The answer is the set of lines that include "Hyundai", copied from the data below.

---------- Dataset records ----------

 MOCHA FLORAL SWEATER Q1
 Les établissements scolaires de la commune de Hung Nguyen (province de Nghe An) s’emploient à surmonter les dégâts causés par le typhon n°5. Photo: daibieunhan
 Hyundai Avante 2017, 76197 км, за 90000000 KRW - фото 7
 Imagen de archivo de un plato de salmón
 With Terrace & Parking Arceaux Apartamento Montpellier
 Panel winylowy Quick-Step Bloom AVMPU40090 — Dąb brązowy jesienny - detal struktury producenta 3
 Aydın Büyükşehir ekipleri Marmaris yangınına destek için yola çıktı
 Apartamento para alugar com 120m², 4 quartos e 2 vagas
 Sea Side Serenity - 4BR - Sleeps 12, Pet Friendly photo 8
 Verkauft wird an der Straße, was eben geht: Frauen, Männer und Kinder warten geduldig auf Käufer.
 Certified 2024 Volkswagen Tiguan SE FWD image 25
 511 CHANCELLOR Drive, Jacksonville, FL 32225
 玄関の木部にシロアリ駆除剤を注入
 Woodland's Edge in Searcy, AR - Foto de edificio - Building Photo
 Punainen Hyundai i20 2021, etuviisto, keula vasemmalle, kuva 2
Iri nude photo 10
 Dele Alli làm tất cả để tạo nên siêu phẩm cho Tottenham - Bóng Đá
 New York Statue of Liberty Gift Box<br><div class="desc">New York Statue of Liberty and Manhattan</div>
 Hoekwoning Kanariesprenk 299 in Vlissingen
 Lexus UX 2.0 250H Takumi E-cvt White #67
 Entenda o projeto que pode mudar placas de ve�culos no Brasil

----------

◆ **Response**:
 Hyundai Avante 2017, 76197 км, за 90000000 KRW - фото 7
 Punainen Hyundai i20 2021, etuviisto, keula vasemmalle, kuva 2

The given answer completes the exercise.